Steven Jobs was a perfectionist, and the beauty of his Apple products (not to mention animated movies) are a testimony to his constant quest for innovation.

The Ritz Carlton hotels, Nordstrom’s shopping experience, Valentino gowns are all premium brands that shoot for perfection.

I admire the effort, the dedication, the sense of mission it takes to create these performances, these products, these brands.

Yet it looks to me like we’re declining into a culture that shrugs when things go wrong and says, “Whatever.” We’ve made it fashionable to be wrinkled, rumpled and ragged.

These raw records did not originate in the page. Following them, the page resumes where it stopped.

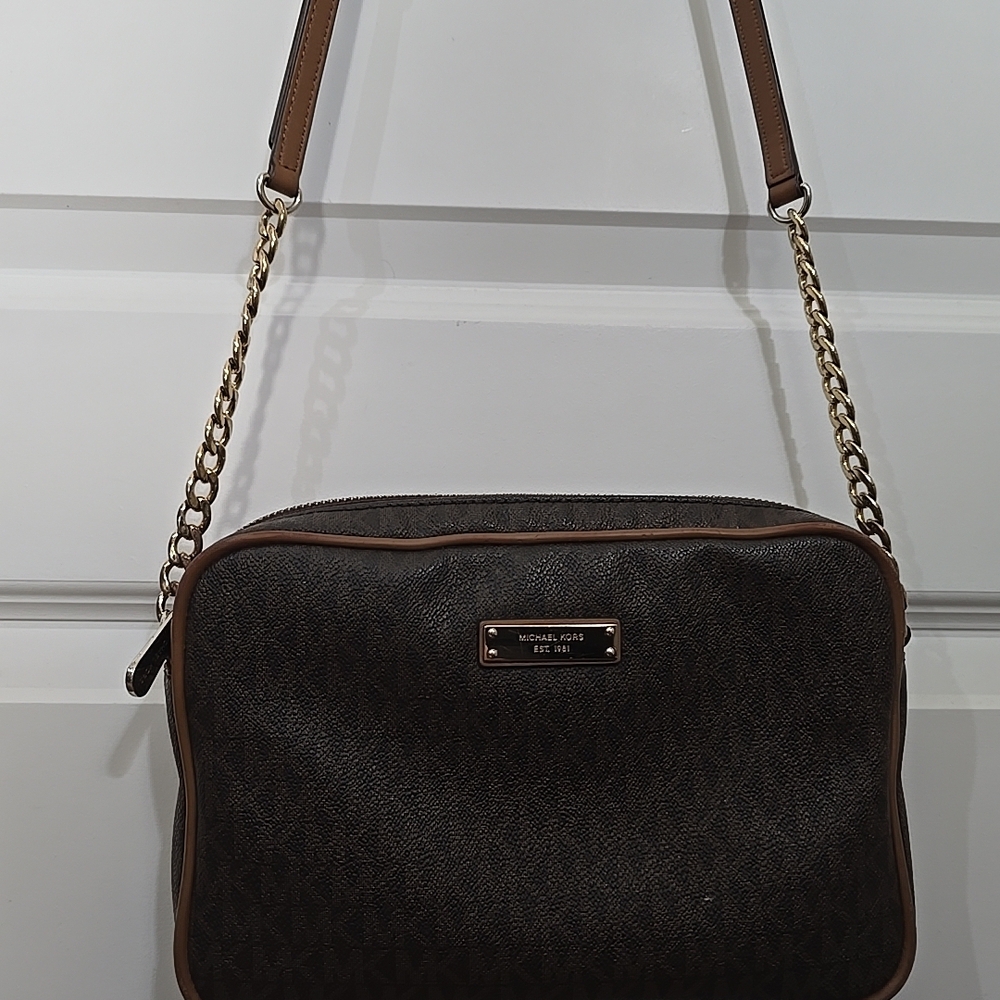 Michael Kors Jet Set Travel Medium East West Crossbody bag BROWN - Picture 11 of 13
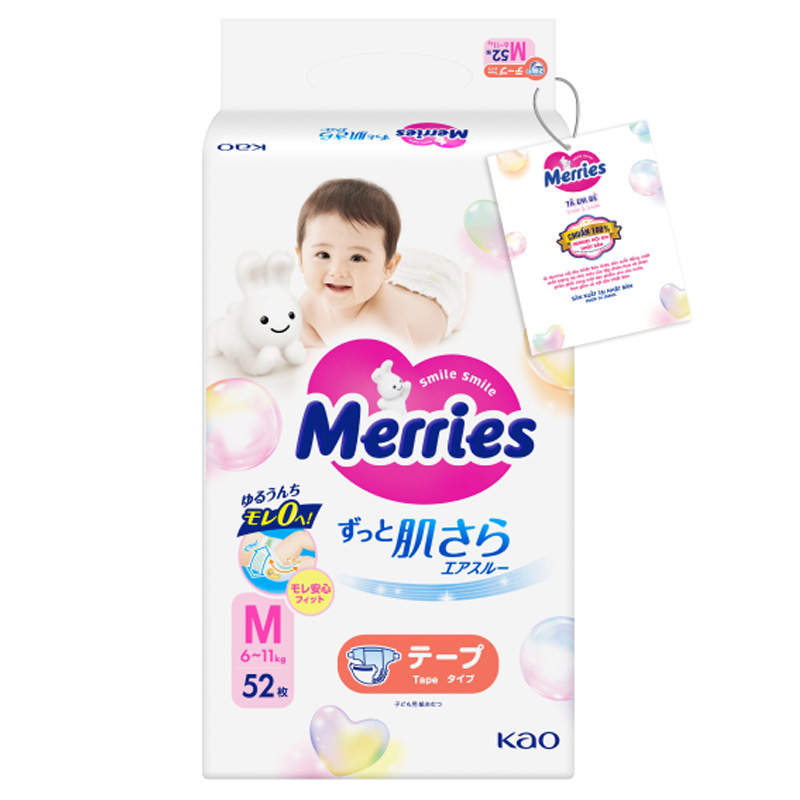 Tã dán Merries size M 52 miếng (6 - 11 kg) - Giao bao bì ngẫu nhiên 21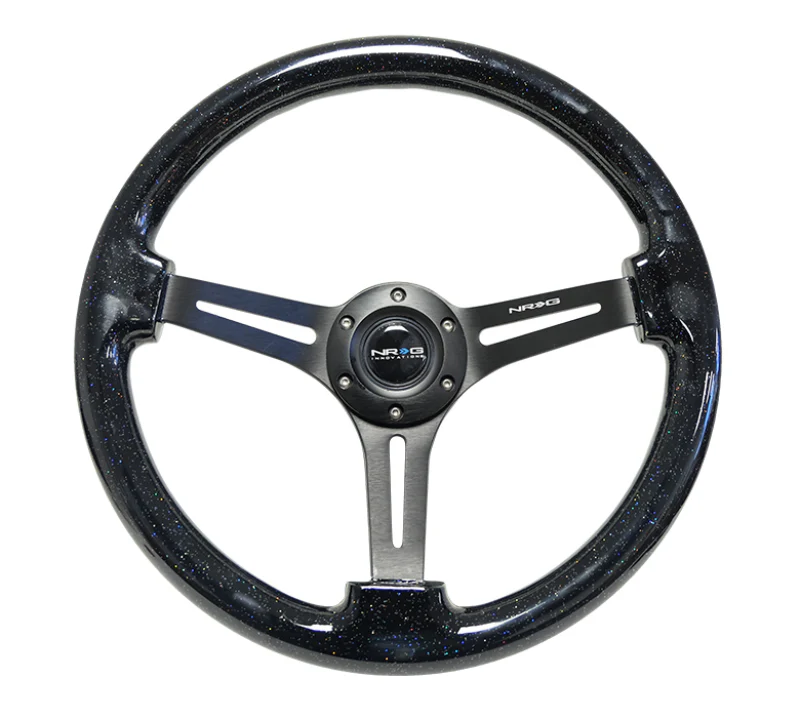 NRG Reinforced Steering Wheel (350mm / 3in. Deep) Black Multi Color Flake Wood w/ Black Matte Center - Image 2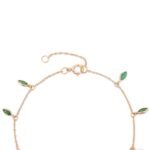 14K Solid Gold Marquise Emerald Charm Bracelet - Image 4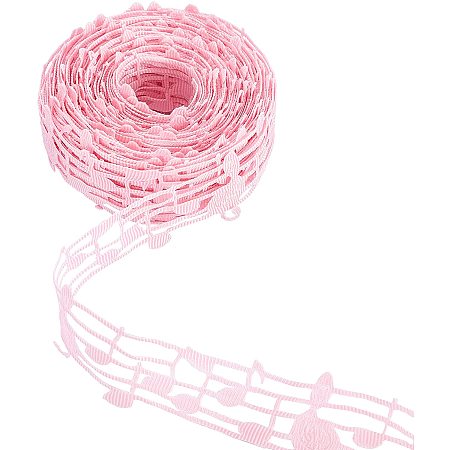 Pandahall Elite 10 Yards 29mm Hollow Music Note Ribbon Polyester Clothing Trim Accessories for Scrapbooking DIY Gift Wrapping Decoration, Pink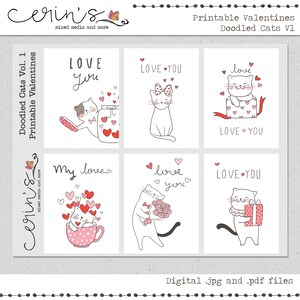 Printable Kitty Valentine Cards~Doodle Cat Classroom Valentines~Kitten Love Print and Cut Cards~Valentines for Kids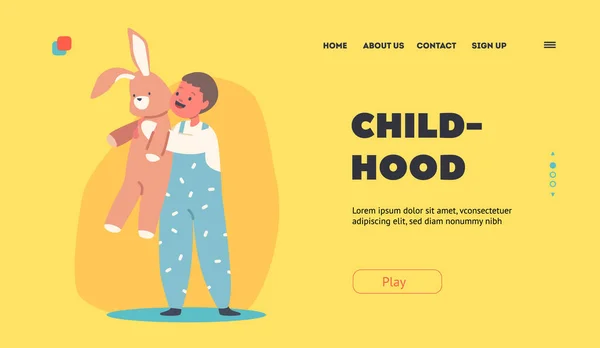 Gyerekkori landolás oldal Sablon. A kisgyerek játszik a játékkal. Kid with Rabbit, Boy in Blue Overalls Szórakozás és kikapcsolódás — Stock Vector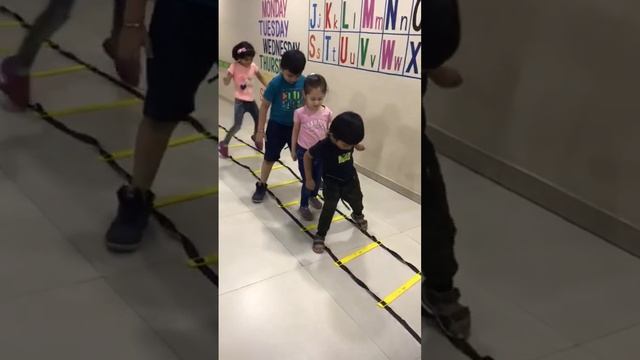Fun Jumping Game For Kids: Ladder Of Ropes On The Floor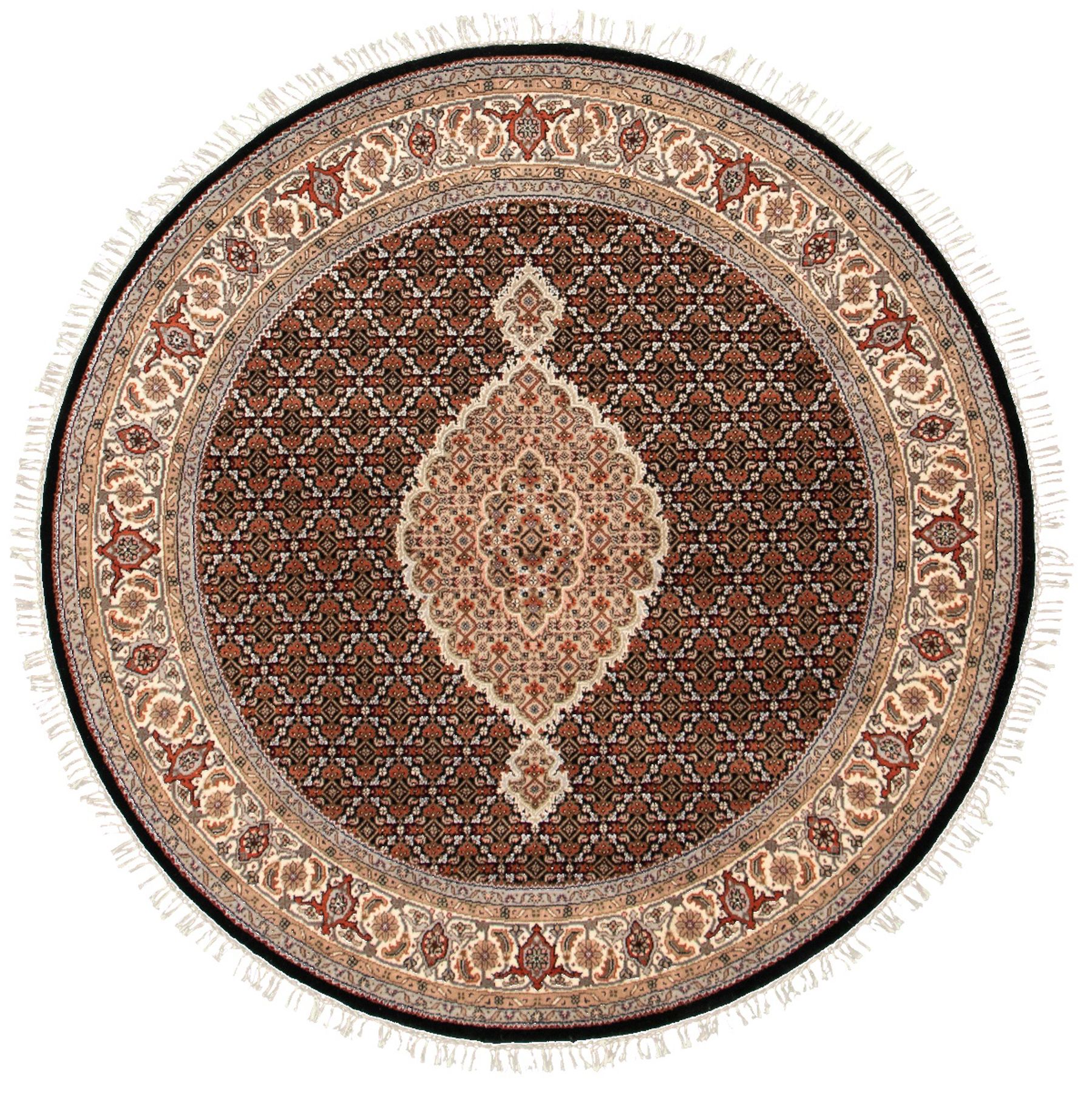 Hand-knotted Tabriz Haj Jalili Black Wool Rug 6'2" x 6'2" Size: 6'2" x 6'2"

We work so hard to protect our own self esteem (and that of our children) that we tell ourselves it’s fine to settle for ordinary, mediocre or even second-rate.

Now before you start throwing things at me, you can definitely make an argument that being an all-out perfectionist is unhealthy. Without a doubt, taken too far, perfectionism burdens our lives with compulsion, anxiety and shame.

At its worst, perfectionistic thoughts can include, “If I make a mistake, there’s something wrong with me,” or “I’m never good enough.” Trying to be perfect at everything, all the time interferes with relationships and stifles creativity.

But I’m not talking about basing your entire self-worth as a person on being a perfect human being. I’m saying, Let’s embrace the pursuit of perfection in our endeavors. Let’s quit accepting mediocrity and keep shooting for the stars.

Striving for perfection doesn’t mean you never make a mistake, it means that you look at every opportunity for improvement.

I’d like to think there’s such a thing as healthy perfectionism (I wonder how many mental health professionals will disagree with me).

Perhaps the determining factor between healthy and unhealthy perfectionism depends on where the desire for perfection comes from. Does it come from fear, from shame, or the constant need for approval? Not healthy. Does it lead to being critical of everyone or everything? Not good.

But what if the genesis of pursuing perfection is a temperament for excellence? Or an eye for the most delightful aesthetics? Or an ear for beautiful music? Or appreciation for impeccable skills? Or the desire to create the highest level of customer service?

If the perfectionistic drive comes from a true desire to be committed to your endeavor, your work or your craft – to do and be the best you can be – then I think perfectionism is a worthy goal.

Like any other strength, perfectionism overused becomes a weakness. When the root of perfectionism is conditional acceptance, we’ve got a problem.

So while I strive to give my best to every worthy endeavor, I still remember my son’s words: Some of that energy I’m using to find perfection I now use just to have fun! I hope you’ll do both too.

Take care, d

Darcie Harris

 

 

P.S.  I’m not a therapist, so if being a perfectionist is ruining your life, seek professional help please!